Photos : Marion Desjardins
Québec devait recevoir les Red Hot Chili Peppers, soutenus par une curieuse première partie: Deerhoof. Lorsque les Peppers ont constaté qu’ils auraient sans doute un empoisonnement alimentaire la veille du concert à Québec, ils ont annulé, laissant alors une superbe opportunité à l’Anti d’organiser une soirée qu’on pourrait qualifier de champs gauche!
L’improbable quatuor de San Francisco, à l’aube de sortir leur 14e album studio, venait présenter le fruit de toutes ces années d’expérimentation. Ils ont puisé un peu partout dans leur large répertoire, donnant un peu plus d’amour à l’excellent disque Breakup Song, paru en 2012. Si le travail des deux guitaristes (Ed Rodriguez et John Dieterich) est absolument fascinant, ils se font bien malgré eux voler la vedette par les deux autres membres de la troupe. D’une part, il y a Satomi Matsuzaki, qui dans la rue, aurait de la difficulté à convaincre un néophyte qu’elle est la chanteuse d’un groupe rock expérimental ouvrant souvent pour des groupes reconnus (on pense aux Red Hot, mais aussi à Radiohead ou autres Wilco). Elle a un magnétisme hors du commun; un genre de naïveté merveilleuse, doublée d’une incroyable assurance.
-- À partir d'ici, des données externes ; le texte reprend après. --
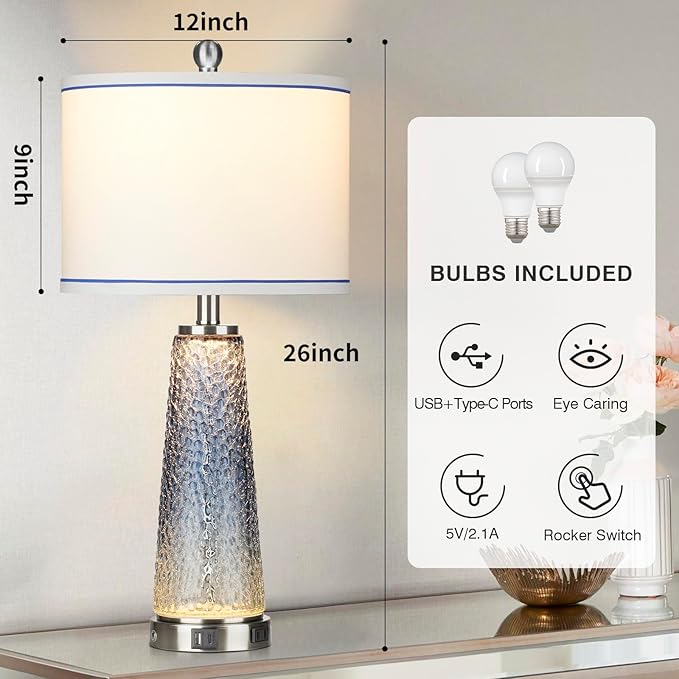 Glass Table Lamps for Living Room, 26" Modern Table Lamps with USB A+C Ports & AC Outlet, Touch Control Bedside Nightstand Lamp with Crystal Night Light for End Table Office Desk Blue(Bulbs Included) - LeafyLoom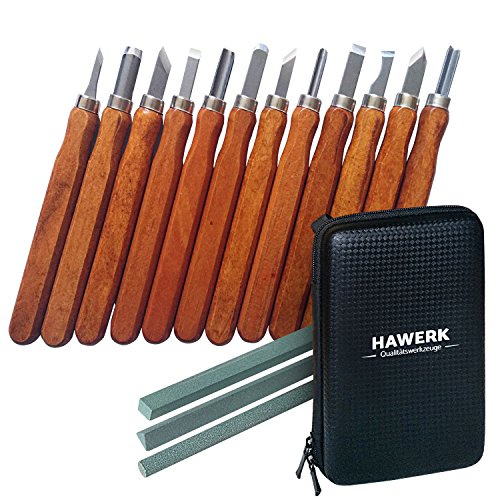 Holz-Schnitzwerkzeug Set für Profis und Anfänger | 12 tlg. + 3 Schleifsteine + Tasche | von Hawerk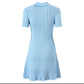 Spring Retro Elegant Women's Lapel Short Sleeve Fabric Sequins Tight Dress Ruffle  Solid design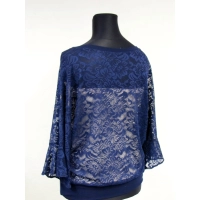 Ażurowa bluzka XXL kimono z falbanką na rękawach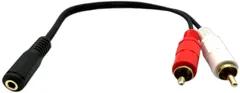 オーディオ分配ケーブル(3.5mmステレオ(メス)とRCA(オス)×2) 0.2m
D’autre part, il y a Greg Saunier, possiblement le batteur le plus redoutable et agréable qu’il m’ait été donné d’observer. Il maîtrise l’art de rentrer plus de temps que la mesure ne devrait en contenir, tout en rattrapant brillamment ces égarements. Puis il y a l’étonnement de voir sa batterie être capable de résister à ses assauts répétés. J’adorerai toujours voir un batteur se donner à fond et dans le domaine, Greg Saunier joue constamment avec l’énergie du désespoir. Parmi les coups de coeur de la soirée, il faut noter Fresh Born, Exit Only et les deux excellentes nouvelles pièces présentées vaillamment par Greg dans un français saccadé, mais curieusement précis! Satomi, qui a multiplié les chorégraphies, a même pris plaisir à faire participer la foule lors du rappel pendant la pièce Basket Ball Get Your Groove Back, du tout aussi fabuleux Offend Maggie. Cette improbable visite s’est donc conclue après un peu plus d’une heure de spectacle. Fidèles à leurs habitudes, ils ont tout donné, au grand plaisir de la foule composée d’initiés pour la plupart.
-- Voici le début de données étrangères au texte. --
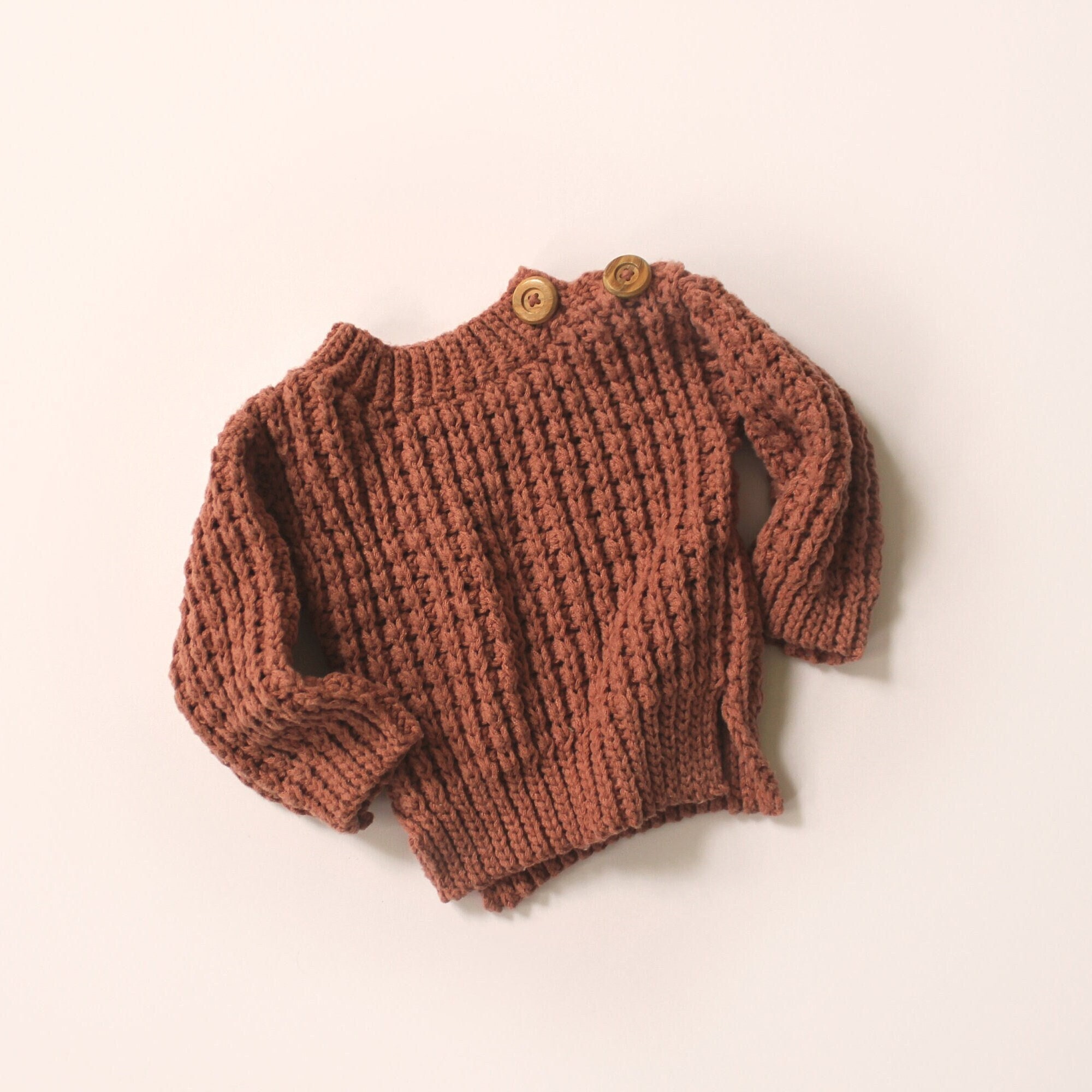 English Crochet Pattern | The Weekend Waffle Baby Sweater |  Digital PDF | toddler boho modern kids ribbed jumper pullover size Newborn 5T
En première partie, nous avons eu droit aux deux extrêmes du spectre de musique champs gauche. D’abord, Les Martyrs de Marde ont présenté l’un des spectacles les plus déstabilisants que j’ai vu, ce qui en soi, est une belle réussite. Leur performance justifie à elle seule la mention 18+ sur l’affiche (même si leur présence n’y est pour rien), tant ils jouent dans les recoins sombres de l’humanité. Autant musicalement qu’au niveau de leur présence sur scène, on assiste impuissant à une prestation d’individus se faisant violence. Ils misent sur le malaise, instiguant des contacts avec la foule et semblant tout le temps en équilibre sur la douce frontière de la psychose. Si musicalement la proposition se veut quelque peu étriquée, au final, l’important n’est pas d’avoir aimé ou non. Le travail de réflexion inexorable qui suit une telle performance justifie à lui seul d’assister à un de leur concert. Après, vous pourrez vous demander si vous voulez encore subir une aussi puissante décharge de déchéance.
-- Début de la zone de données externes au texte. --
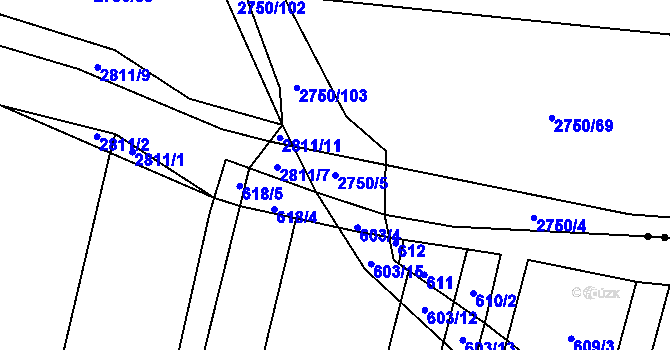 Parcela st. 2750/5 v KÚ Ledce u Plzně, Katastrální mapa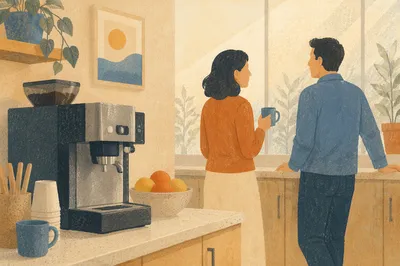 Coworkers Chatting by Office Coffee Machine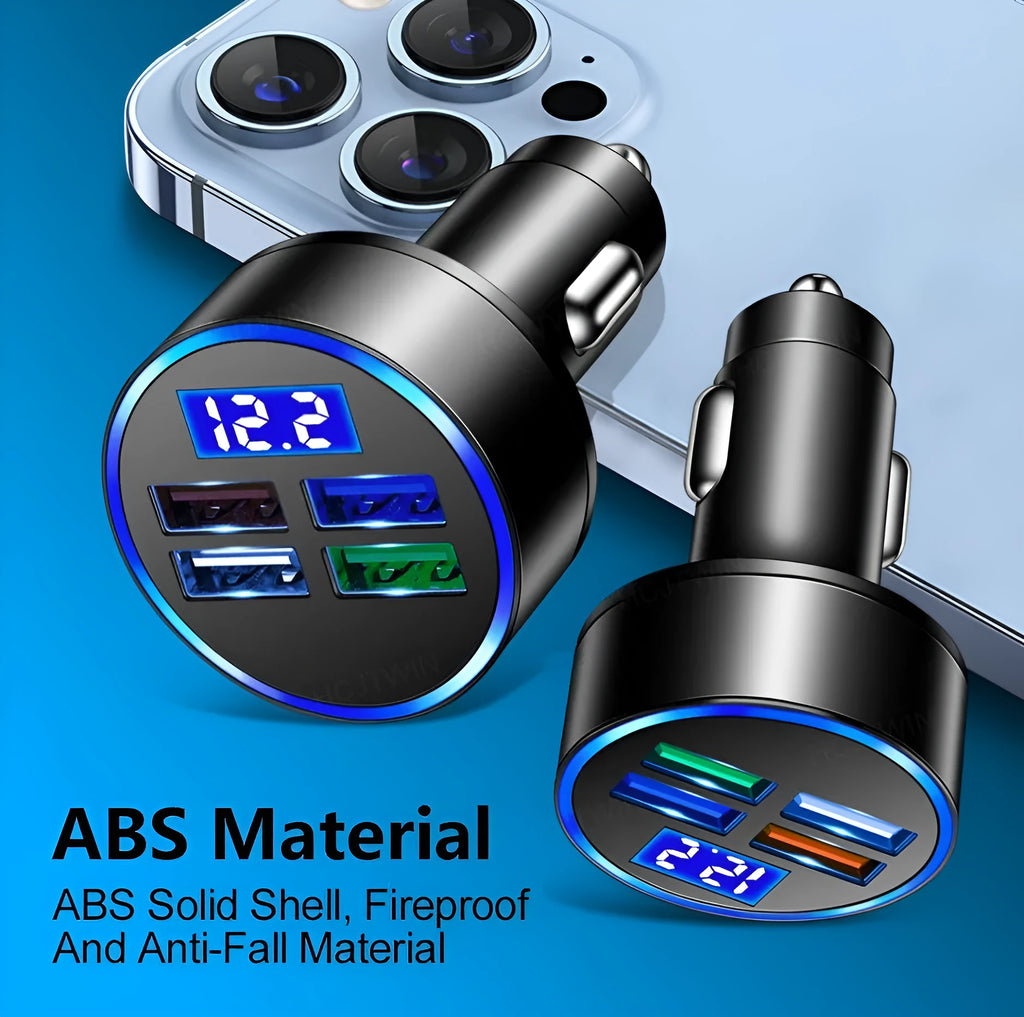 Black multi-port car charger with four USB ports and one cigarette lighter socket.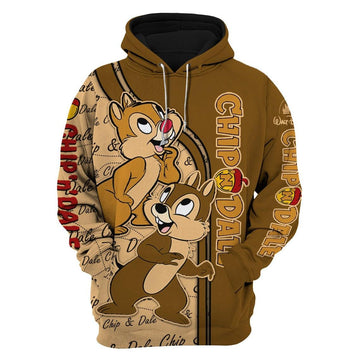 Chip 'n' Dale Disney Fan Gift, Grumpy Dwarf Stylist Unisex Cartoon Graphic Outfits Gift Aop Hoodie, Zip Hoodie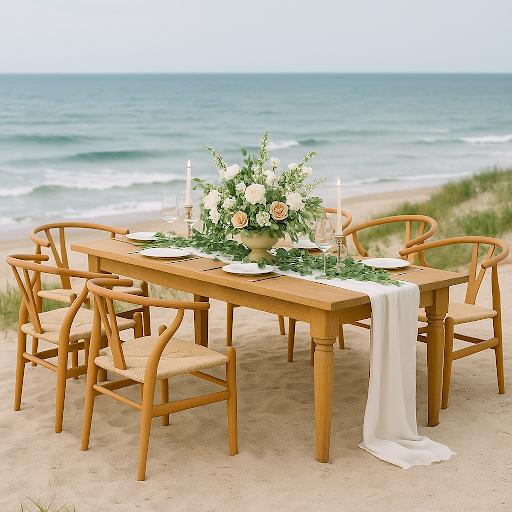 Small intimate beach wedding reception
La Fête, chouchous locaux, sont ensuite venus présenter leur pop joliment déconstruite dans une ambiance beaucoup plus paisible et lumineuse. Pour une seconde fois en quelques semaines (au concert de Victime), j’ai pu apprécier le jeu incroyable de Samuel Gougoux à la batterie. Il possède une virtuosité complètement différente de celle d’un Greg Saunier mais est tout autant efficace. Au niveau de la voix, j’ai trouvé qu’Antoine Provencher, bien que charismatique, manquait parfois d’un brin d’assurance. Ça demeure une première partie fort divertissante et particulièrement lumineuse; surtout sur une échelle qui compterait sur la présence des Martyrs!